Hello nice people! Here's a thread about *string materials*.

Former thoughts can be found there
scienceforums - chemicalforums
Your inputs are obviously welcome. This topic should passionate musicians, as strings are paramount to the sound, and constitute the easiest and cheapest way to adjust the sound of an instrument.

========== Harp detuning

Detuning plagues the harp. Several research papers try to relate that with the sensitivity to temperature and humidity of catgut and wood.

But violinists would think first at a different explanation, by experience. Played with a bow, a string stays tuned for long. Playing *pizzicato detunes it* immediately, especially if forte. So *extension beyond the elastic limit* is a more immediate cause, more so because this limit uses to be fuzzy for natural materials.

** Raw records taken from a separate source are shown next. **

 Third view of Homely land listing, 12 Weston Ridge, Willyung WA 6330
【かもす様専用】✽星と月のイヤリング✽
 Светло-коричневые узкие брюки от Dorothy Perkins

More people, harpists or not, must suspect the material's plastic deformation. But too many researchers look in secondary directions.

========== Need materials

I hereby renew my call to polymer chemists. When I'm a mechanical engineer, I have enough strong and stiff fibres. But I need fibres and materials that absorb much deformation energy, both to dissipate it or to restore much of it. I needed them when developing apparatus for crash-tests, something beyond PU would be very nice. String instruments and tennis champions rackets use sheep gut because stretched polyamide is less elastic, while superfibres are too lossy and stiff.

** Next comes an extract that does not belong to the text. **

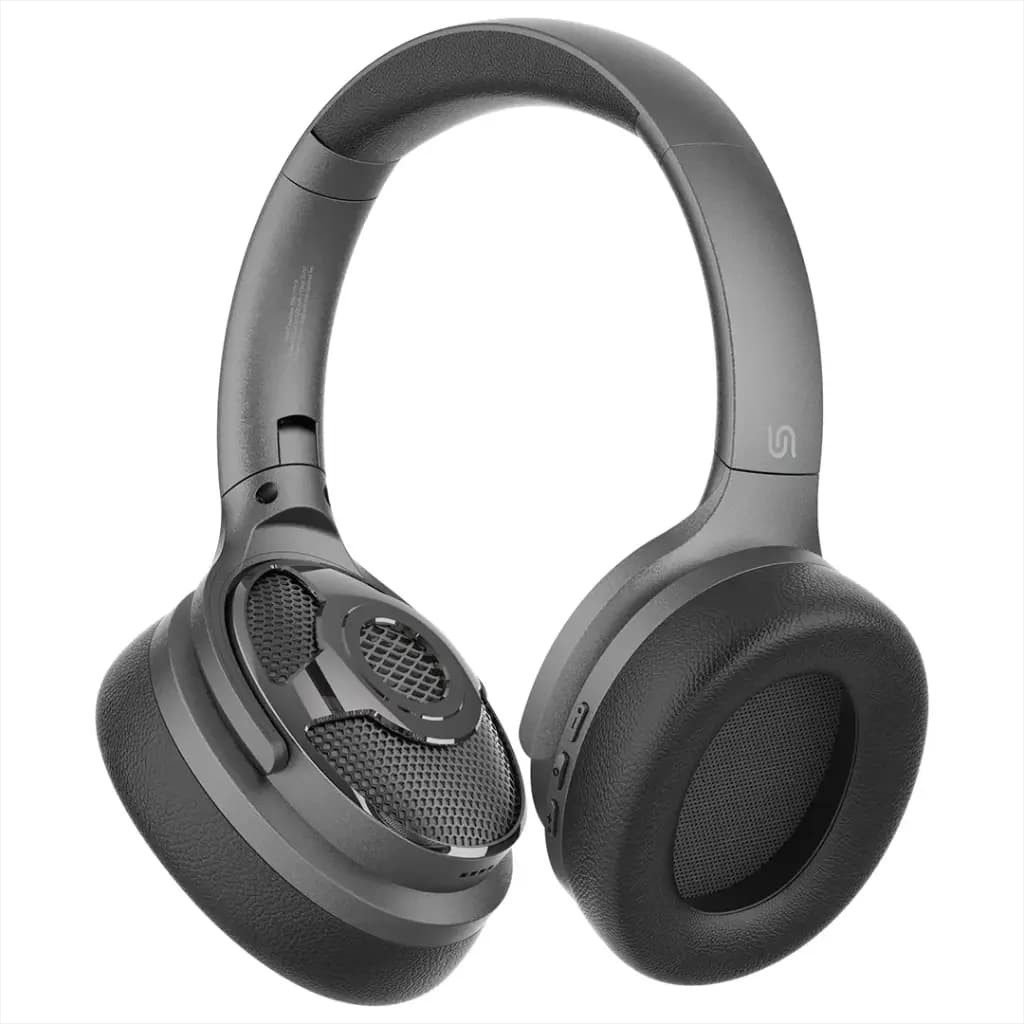 هدست و اسپیکر بلوتوثی پرودو مدل Porodo Soundtec Zuma 2-IN-1 PDSTHPV18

At strings, strong lossless deformation is needed, and sqrt(sigma/rho) (used stress and density) must exceed the 340m/s air sound speed. Other uses prefer more strength or more deformation or more damping.

Whether the material is man-made or processed or natural, I don't care. Whether it resembles collagen or bone or has ortho and meta bonds rather than para, I don't care neither.

Marc Schaefer, aka Enthalpy


----------